Der Beklagte hat Zweifel an der Zulässigkeit der Untätigkeitsklage, weil der Prozessbevollmächtigte des Klägers nach Einlegung des Widerspruchs mitgeteilt habe, eine Begründung des Widerspruchs erfolge nach Akteneinsichtnahme in den Verwaltungsvorgang der Samtgemeinde E., der bislang noch nicht vorliege. Er, der Vertreter des Klägers, komme von sich aus auf die Angelegenheit zurück. Tatsächlich habe er sich nicht geäußert. In der Sache hält er die Klage für unbegründet. Es könne kein Zweifel an der Ausschlusswirkung der Festsetzungen der 15./22. Änderung des Flächennutzungsplans bestehen. In der Bekanntmachung der 15. Änderung in seinem Amtsblatt vom 15.03.1999 heiße es ausdrücklich „und Ausschluss von Anlagen außerhalb der dargestellten Sonderbaufläche im gesamten Samtgemeindegebiet“. Schon dies mache die Ausschlusswirkung hinreichend deutlich. Sie ergebe sich ohne weiteres auch aus den Darstellungen im Erläuterungsbericht. Die Festsetzungen seien auch wirksam.
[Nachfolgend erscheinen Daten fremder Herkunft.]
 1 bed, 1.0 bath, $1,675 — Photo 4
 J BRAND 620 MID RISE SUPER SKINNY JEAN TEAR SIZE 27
Bei der Frage, welche Abstände zu Waldbeständen einzuhalten seien, habe die Nutz-, Schutz- und Erholungsfunktion des Waldes im Vordergrund gestanden. Es sei Gemeingut, dass größere Waldbestände in weitaus größerem Maß durch die Bevölkerung zur Erholung genutzt würden als kleinere sowie ältere mehr als jüngere. Daher sei zu den größeren, zusammenhängenden, vielfältiger strukturierten und erschlossenen Waldbeständen ein größerer Abstand gewählt worden, als zu den kleinen, jungen und monostrukturierten. Soweit der Kläger eine Gefälligkeitsplanung zugunsten eines bestimmten Betreibers von Windenergieanlagen vermute, treffe dies ebenso wenig zu wie die Behauptung, die 22. Änderung des Flächennutzungsplans weise Verfahrensfehler auf.
In dieser Sache hatte zunächst am 28.02.2003 eine mündliche Verhandlung stattgefunden, im Rahmen derer das Gericht auf Bedenken an der Rechtmäßigkeit des Abwägungsvorgangs der Beigeladenen bezüglich der 15. und 22. Änderung des Flächennutzungsplans hingewiesen hatte. Diese hatten sich im Wesentlichen darauf bezogen, dass dadurch, dass bei der Suche nach geeigneten Standorten die Größe der Radien um Einzelgebäude und Siedlungsgebiete anders festgelegt worden war, als sie nach den Abstandshinweisen des Nds. Innenministers vorgesehen ist, möglicherweise die Suche nach Potenzialflächen in unzulässiger Weise verengt worden sei. Des Weiteren schien nicht hinreichend plausibel dargestellt, weshalb im Rahmen der 22. Änderung des Flächennutzungsplans die Beigeladene unterschiedliche Entfernungen zu Waldbeständen angenommen hatte, nämlich 100 m zu Privatforsten und 200 m zu Staatsforsten.
Im Hinblick darauf hatten die Beteiligten erklärt, dass sie versuchen wollten, eine außergerichtliche einvernehmliche Regelung herbeizuführen, so dass die Sache vertagt wurde.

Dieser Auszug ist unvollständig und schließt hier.